Local Government Conference slammed the outsourcing of public services as “well and truly” discredited.

It backed a high-profile campaign to keep public services in-house and to bring back those already outsourced. It demanded greater transparency from outsourced services and will campaign for full equal pay compliance in such companies.

Moving the composite motion from Renfrewshire UNISON and the Local Government Service Group Executive, Renfrewshire’s Brenda Aitchison told a dark fairy story, an allegory for the tale of outsourcing, featuring fair-haired but evil rulers and communities fooled into outsourcing by myths and lies.

Brenda began: “Our statistics show the age profile in UNISON is weighted towards the over 40’s so I’m guessing most of you remember Jackanory.

“For our younger delegates, think CBB’S bedtime stories but without Hollywood and British actors doing the reading!

“So, conference are you sitting comfortably? Then I’ll begin.”

She told delegates that once upon a time, “well let’s be specific 39 years ago, there was a ruler over our four nations.

“She was fair of hair but dark of heart. Her mission – to cast a spell over the working people to believe that there was no such thing as society.

“The individual was king, survival of the fittest, private industries were best, deriding and attempting to dismantle all things public….public services, public transport, public industries. A cult was born. Greed was good.”

And through the years, said Brenda, her web was spun. All forces at her disposal were used – economic, political, the media. The people of these lands were sold a myth. This was the land of meritocracy. All you needed was drive, hard work and talent and you could reap the rewards.

“You didn’t need a trade union, there was no need for collective bargaining, your employer would see you alright with good terms and conditions.”

However, as time rolled on the reality was somewhat different for millions of workers, she warned. Wages didn’t grow, levels of personal debt increased, well paid work became scarce, skilled work in manufacturing and heavy industry was lost.

In place was more precarious work, casualised labour, poorer paid jobs. But private sector was still seen as the best. There was an abundance of opportunity for private companies to get their hands on public services.

“Outsourcing became the mantra,” slammed Brenda. “Hand your services over to us we are more efficient.

“And so it began in local government, central government, NHS. Capita, Mitie, Virgin Care, ALEO’s, PFI’s, G4S, Carillion and on and on. Sub contractors who sub contracted and sub contracted. The shareholders and directors were king, greed before need.”

But Brenda warned that the people providing the service were caught up in a race to the bottom for pay and terms and conditions of employment. Poorer rights in pay, holiday entitlement, overtime rates, pensions, travel expenses, sick pay, job security, training, career progression and service users having to make do with poorer services as the shareholders needed their return.

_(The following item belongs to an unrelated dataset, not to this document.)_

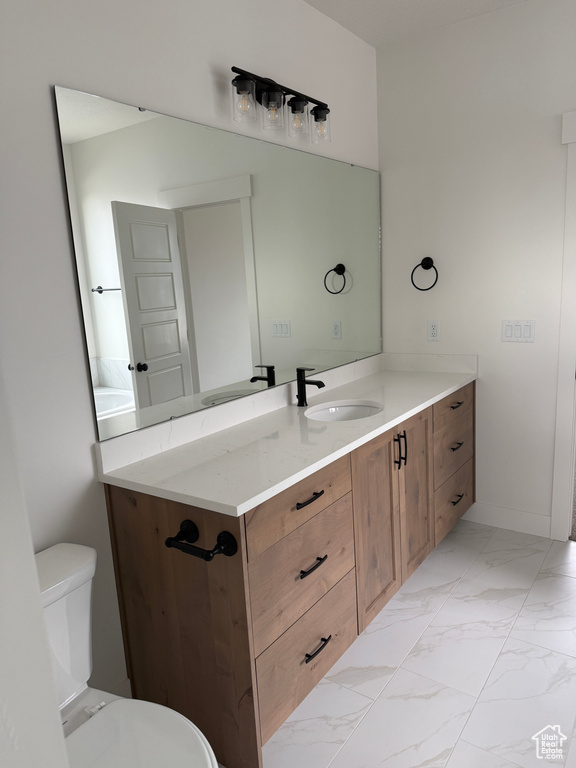 1107 S 4475 W West Point, UT 84015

She warned that although the rulers changed over time, the people were still being fed the same myths. Regardless of political persuasion, capitalism was the only way.

However, said Brenda, the people began to realise they were being woefully mislead. As their terms and conditions of employment were getting poorer, and the elite few were getting so much more.

Then the banking crisis hit and 90% of jobs lost were in local government and those workers still in service saw attacks on their terms and conditions.

“Those who were lucky had their trade union to collectively fight back, to educate and agitate and organise. Those services which had been outsourced in the private sector saw those workers having poorer terms and conditions in part due to non-unionised workplaces.

“The services they provide were not best value for money for the local authorities or the service users.

“Despite the cuts the public services which were provided in house continued to deliver albeit not at the level they had done so before the cuts in funding.”

Then a new ruler came along and claimed she was on the side of working people, strong and stable.

“Yet the people by now were no longer fooled – they saw her as weak and feeble. She did little to stem private sector corporate greed, public money continued to move into private hands,” slammed Brenda.

“Then the final straw. Carillion who had 420 public sector contracts went under, responsible for maintenance of 50 prisons and 50,000 homes for military personnel, 218 school meal services, £1.4 billion joint venture contract HS2.

“The game of monopoly with our public services MUST end said the people. Bring Them Back to us, they cried, where need is put before greed for the benefit of service users and those who deliver the services.

“The people knew that there was such a thing as society, a good society that pulls together for the benefit of all not just the lucky few.”

Brenda called for a new campaign and for UNISON to commission an academic study around outsourcing in all its forms, working with APSE across local government to bring services back in house.

“In that way we can, as all good stories end, all live happily ever after.”